As it is quite likely that some of the SharePoint groups for many SharePoint Portals would include the Domain Users AD groups, all user accounts you want to restrict from your SharePoint infrastructure would need to be removed from these default groups. This is generally not feasible as other systems would be dependent on these accounts being in the ‘Domain Users’ group. Another method would be to list all departmental groups – IF and only IF these groups covered the entire organisations SharePoint portal audience. Therefore, a heavy reliance upon a well maintained AD environment is essential (it is in general as well).
Well how can we solve this? Glad you asked. Rather than modify the SharePoint group membership from the Central Administration site in SharePoint we can specify a DENY ALL policy at that level for any user or AD group.
I recommend that you create a ‘<InsertGroupFunctionNamehere> Deny Access’ AD security group populated with the users and\or groups who should not have access.
After this the SharePoint Administrator can use this procedure to modify the web application policy which sits above the Site Collection hierarchy as its parent:
1. Make sure the above Deny Access ad Group is created and populated in AD.

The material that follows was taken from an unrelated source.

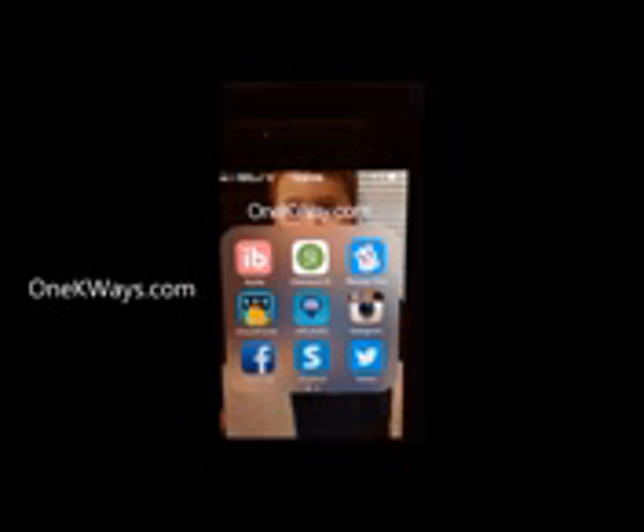Thanks for checking out 1kways.com. Today's video is about Shopkick, using my iOS device, but it's available on non-iPhone devices too. Shopkick is pretty different — if you turn on your location and your speaker, when you walk into certain stores it starts letting you rack up points. You can also scan items, similar to Checkpoints, and get points for that.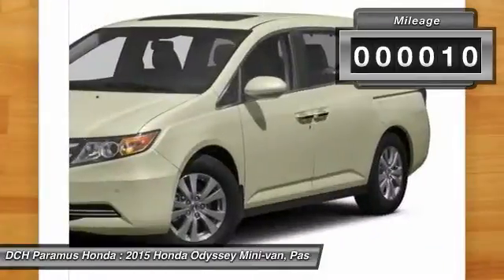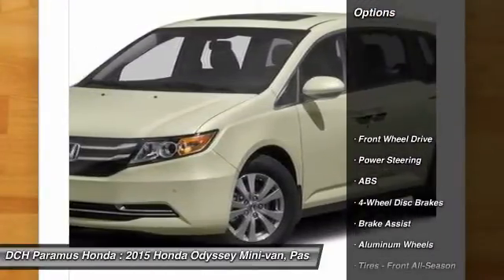This vehicle has less than 100 miles. Here are some of this vehicle's great options.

2. Open Central Administration
3. Under the Application Management section, click on Manage Web Applications
4. Click to highlight your Web Application, e.g.. portal.synergy.com
5. Click User Policy from the Web Applications Tab in the Ribbon.
6. Click Add Users, leaving (All Zones) as the default drop down box, click next.
7. Add the ‘<InsertGroupFunctionNamehere> Deny Access’ AD security group that you would like to deny access to this Web Application.
8. Choose Deny All as the permissions that will be assigned to them. Note: this can be varied.
9. Click Finish.
These users will now be shown ‘Access is Denied’ from any sites contained in this web application even though they have permissions wherever their group membership is defined as Deny permissions override Allow permissions.
After this has been setup you can control who is denied access to your SharePoint Portal by maintaining the membership of this group. As a tip remember that AD Security Groups can be nested. Granting access to the areas of the Portal is controlled by the membership of the SharePoint groups.
I hope this assists you with your SharePoint security endeavours.